Are you sure about that? That means that integer multiplies and divides don't use the integer ALU.. that seems like a waste, since an integer multiply is easier to do that a floating point multiply. It COULD be done faster if the integer ALU supported the operation. And the fact that integer operations are generally more common.. since they are needed to calculate array offsets etc.. it just doesn't seem to make sense to go through all those hoops.
It makes more sense to save silicon and only have a single divide unit. Int & float divides take the same time on PII+ (39 cycles, double precision, 23 single), and cannot be done in parallel (like they could on plain Pentium, as that had 2 units). The int conversion is done 'transparently' in these cases, and the FPU can perform multiplication & additions while waiting for the result. However, only the last 2 cycles of the divide can overlap with integer instructions, so by trying to use integer math you would lose 36 cycles worth of computation - thats 36 multiplies!
Int multiplies are 4 cycles (PII+, 9 cycles before) and 3 cycles for a float. The float instructions can also be pielined to allow 3 multiplies to be in flight at any one time. Int*float is even worse - 6 cycles with no concurrency.
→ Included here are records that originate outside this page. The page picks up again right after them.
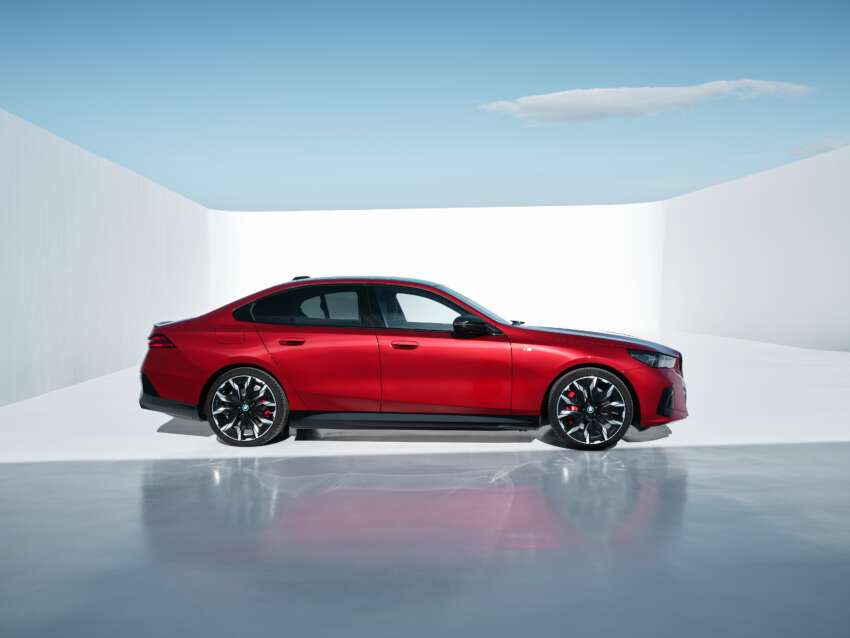 BMW i5 and 2024 BMW 5 Series G60 – M60 xDrive with up to 601 hp; AirConsole brings in-car gaming 1617722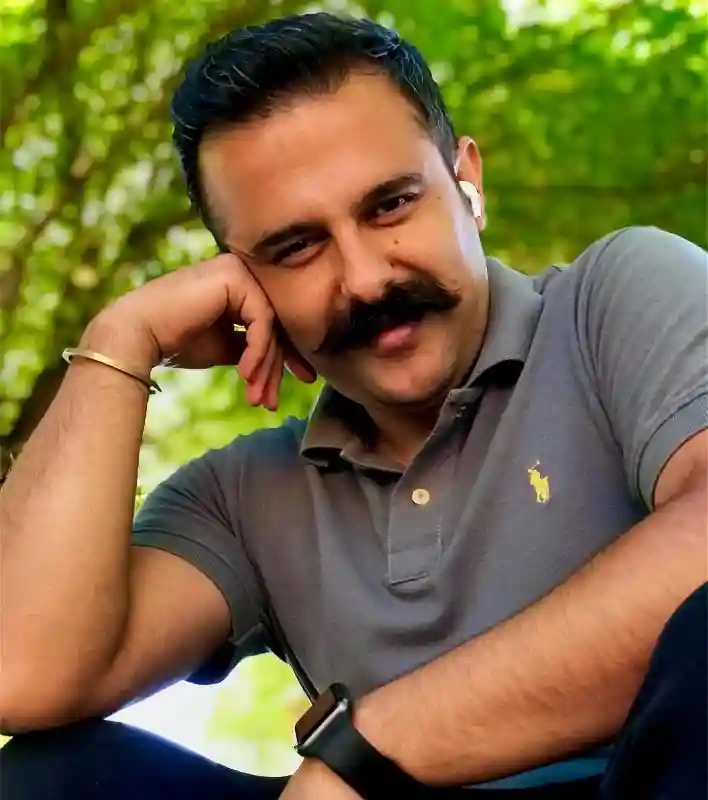 تصاویر | زندگی خصوصی سیدحسین موسوی، عکسهای شخصی و بیوگرافی 55 11zon 18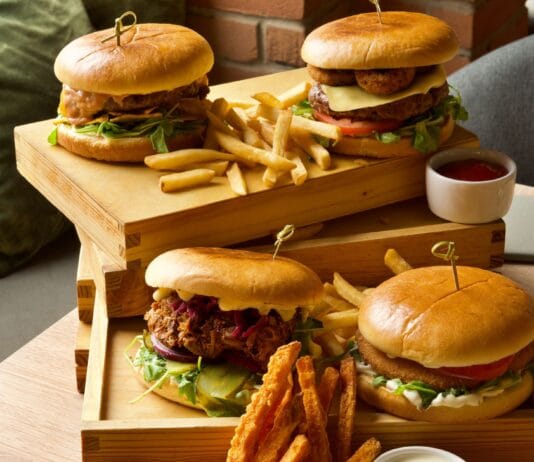 Dlaczego smash burger przywiera do płyty grillowej? Przyczyny i sposoby na idealną skorupkę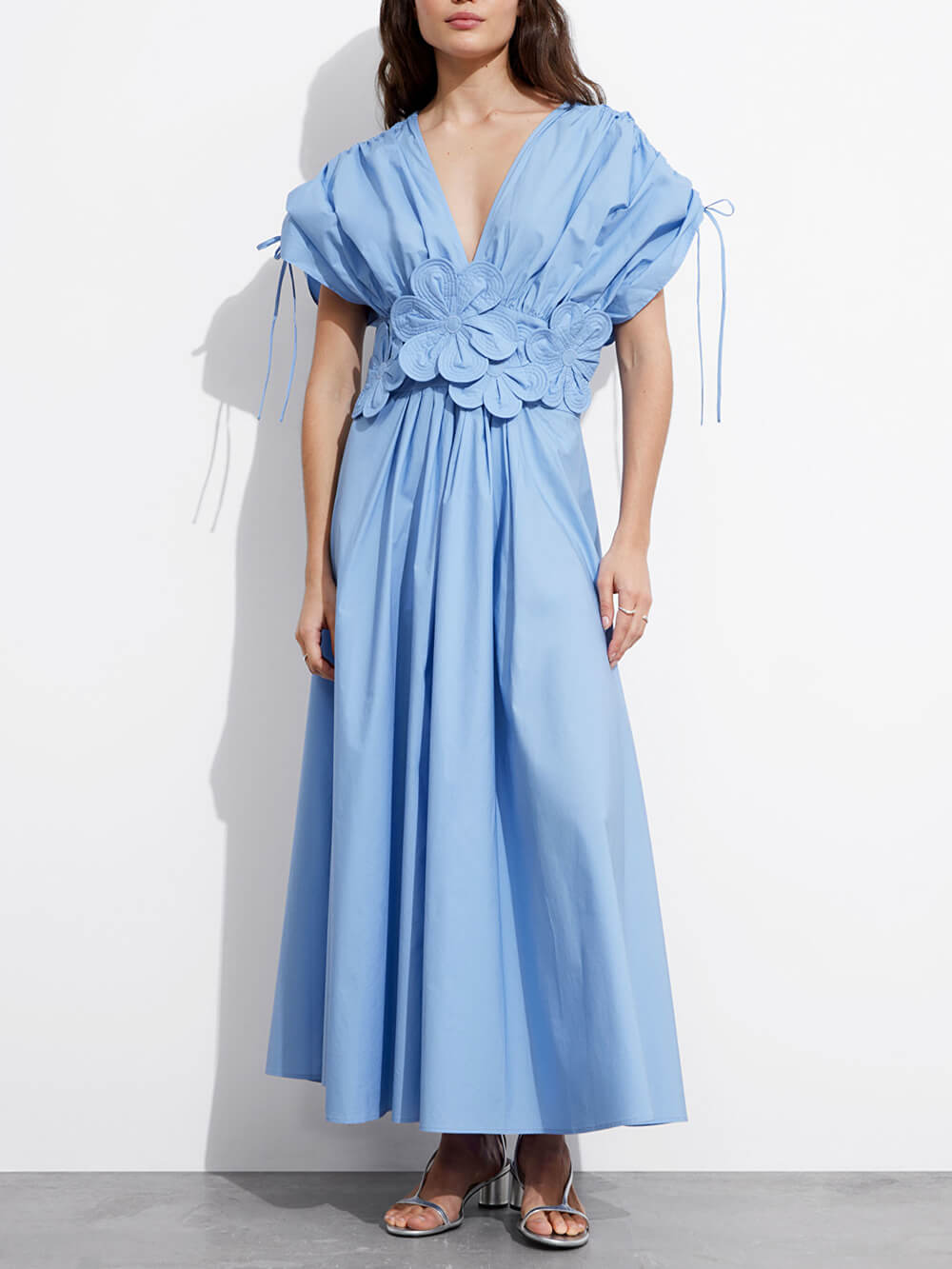 Midikleid mit Blumenapplikation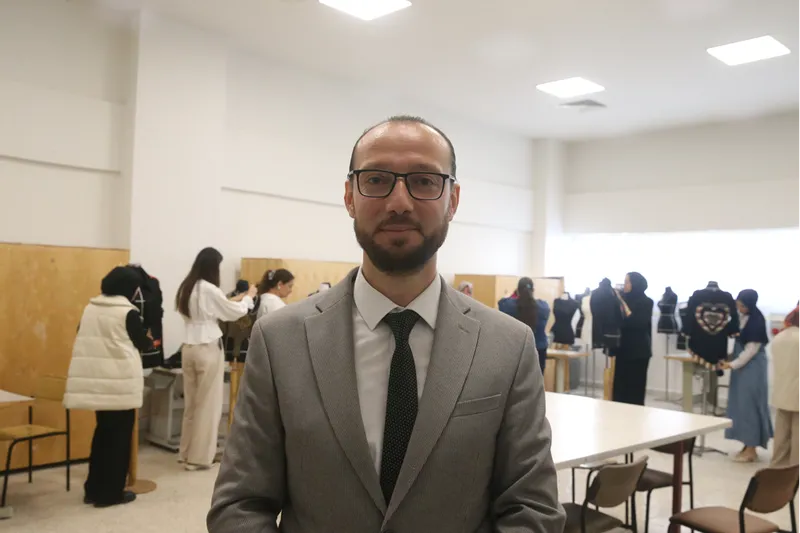 Üniversite öğrencilerinin tasarladığı çocuk ve bebek kıyafetleri ihraç ediliyor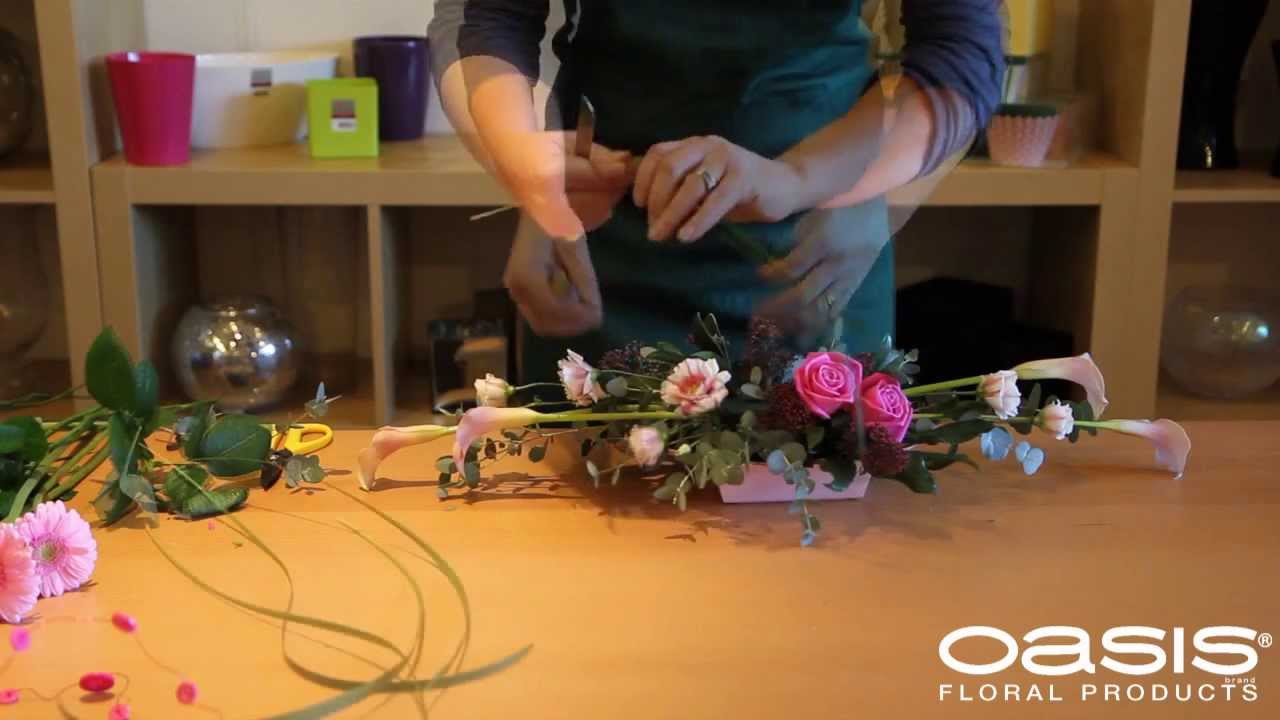Tutorials - Using European OASIS floral glue to secure floral details… yes!  It makes a difference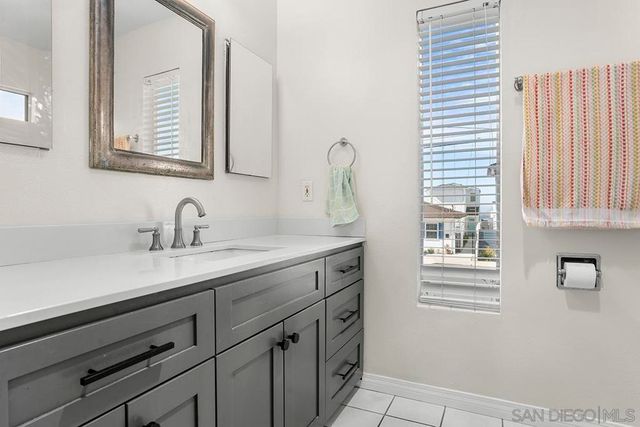 2711 Deerpark, San Diego, CA 92110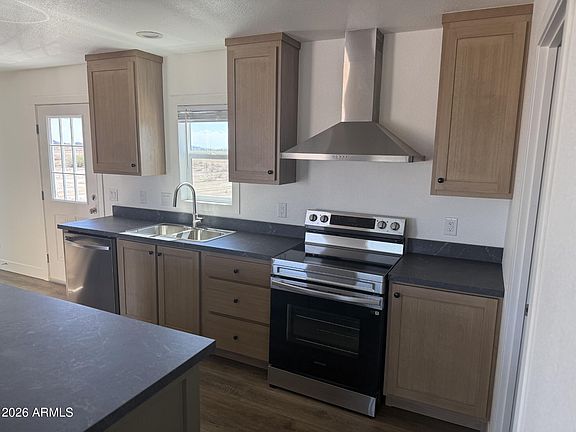 5th image of 40473 W HARRISON Street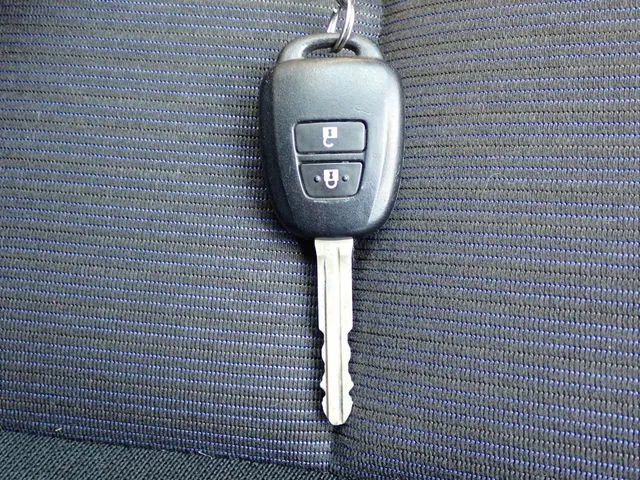 カローラフィールダー　ハイブリッド（トヨタ）の車両写真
I know in many cases you can get better performance if you convert floating point ops to integer ops with fixed point math... maybe that was only if you could avoid division.. For example to divide by a constant multiply be the reciprocal.. if possible use power of two fractions so it ends up being an integer multiply followed by a shift. Sometimes with a little extra fudging you can get the exact same answer as if you did the math with floats, yet the result is computed in half the time. I know of someone that used this technique to get dramatic speedups with a video codec and that was using at least a Pentium 3.
Multiplying/dividing by simple powers of 2 is a great speed up. Not something easily achieved in Java except for small cases. In C++, we use a union between an int and a float (called a floint) that lets you do some great speed ups:
Clamp to zero:
Float:
if(f < 0.0f)
f = 0.0f;
Looks easy enough, but in fact it takes 15-30 cycles to work out
instead:
floint fl;
fl.f = f;
int m = fl.i>>31; // If f was negative, this is 0xffffffff, else it is 0
fl.i = fl.i & (~m); // either 'f' or '0'
This takes around 5 cycles to compute with no chance of a Branch Predict error - 3 to 6 times faster. You can use this when doing clamping operations on colours, so it is a good thing for video codecs & software renderers.
Avoiding division is good to always aim for, e.g:
a/b + c/d
is faster if you do:
(a*d + c*b) / (b*d)
And avoiding multiplies:
a * f + b * (1-f)
is faster as:
b + (a-b)*f
If you want to know more, I reccomend googling for 'Agner Fog', the godfather of pentium optimisation.
- Dom